I have a data frame that I've discretized
using RWeka
. RWeka's discretization creates bins with single quotes in them. Although they are not causing any problems, while plotting it looks ugly to have a variable with 'All'
category.
我有一个使用RWeka离散化的数据框架。RWeka的离散化创建了包含单引号的箱子。虽然它们不会产生任何问题,但是如果用一个带有“All”类别的变量来绘制,就显得很难看了。
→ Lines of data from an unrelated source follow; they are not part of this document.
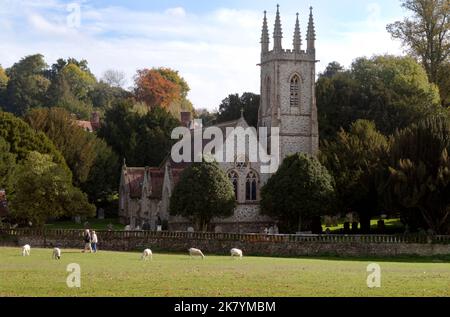 Église Saint-Nicolas en automne, Chawton, Hampshire, Angleterre Banque D'Images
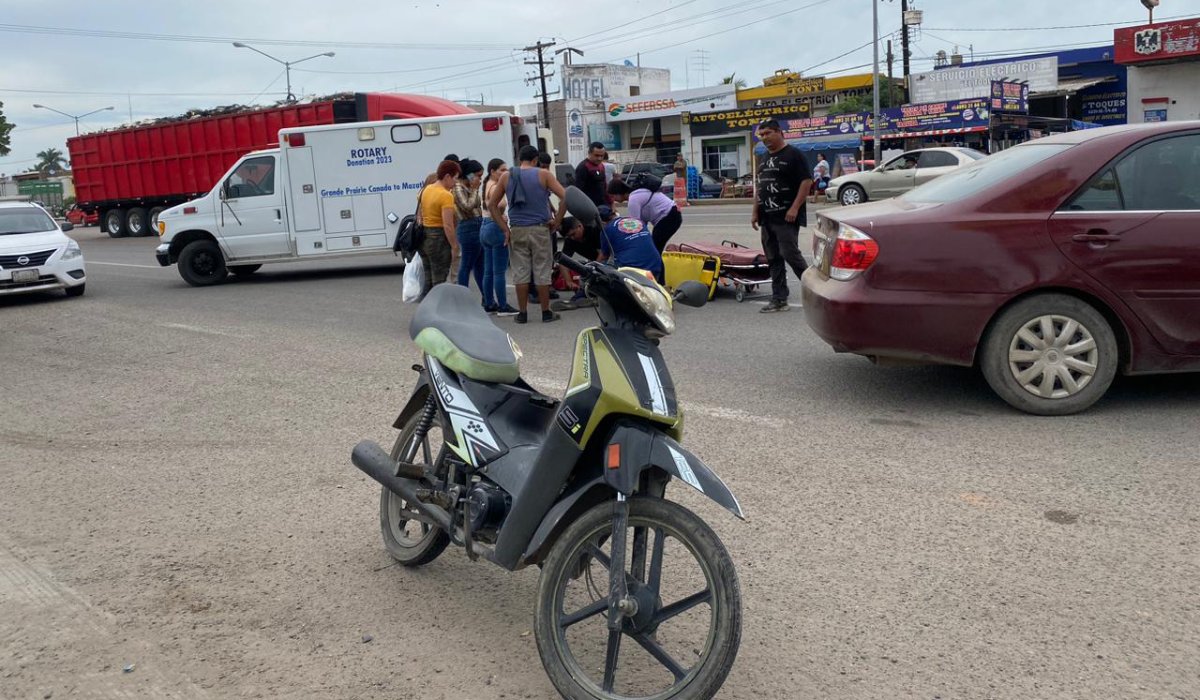 Joven motociclista resulta lesionada luego de ser atropellada por camioneta en Villa Unión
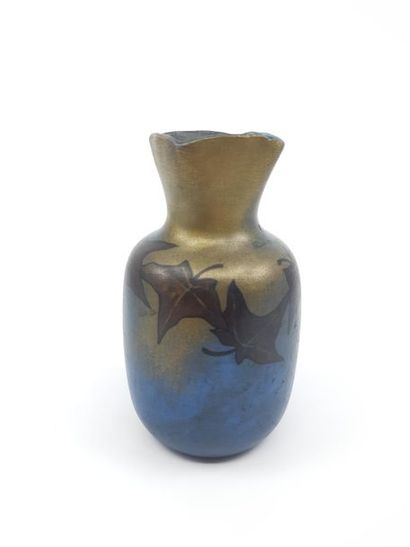 VALLAURIS
Vase balustre en faience à décor...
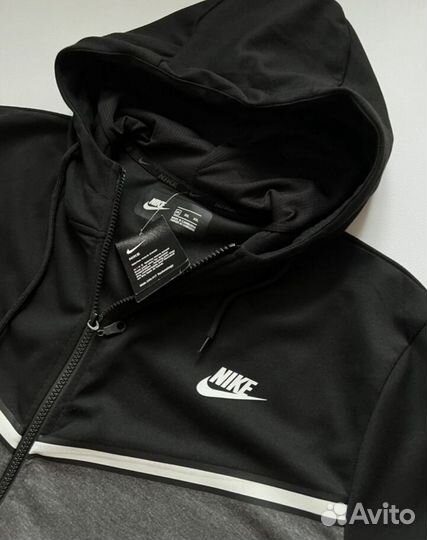 Спортивный костюм Nike Tech (новый)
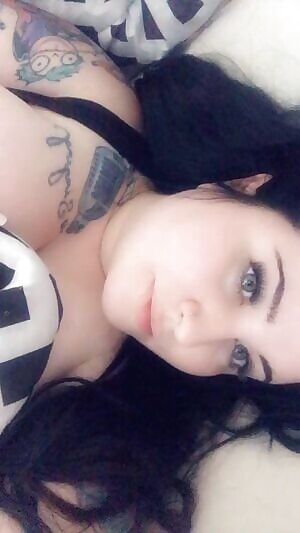 Let’s stay in bed all day?!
Here's the discretized data frame:
这是离散化的数据框架:
structure(list(outlook = structure(c(1L, 1L, 2L, 3L, 3L, 3L,
2L, 1L, 1L, 3L, 1L, 2L, 2L, 3L), .Label = c("sunny", "overcast",
"rainy"), class = "factor"), temperature = structure(c(1L, 1L,
1L, 1L, 1L, 1L, 1L, 1L, 1L, 1L, 1L, 1L, 1L, 1L), .Label = "'All'", class = "factor"),
humidity = structure(c(1L, 1L, 1L, 1L, 1L, 1L, 1L, 1L, 1L,
1L, 1L, 1L, 1L, 1L), .Label = "'All'", class = "factor"),
windy = c(FALSE, TRUE, FALSE, FALSE, FALSE, TRUE, TRUE, FALSE,
FALSE, FALSE, TRUE, TRUE, FALSE, TRUE), play = structure(c(2L,
2L, 1L, 1L, 1L, 2L, 1L, 2L, 1L, 1L, 1L, 1L, 1L, 2L), .Label = c("yes",
"no"), class = "factor")), .Names = c("outlook", "temperature",
"humidity", "windy", "play"), row.names = c(NA, -14L), class = "data.frame")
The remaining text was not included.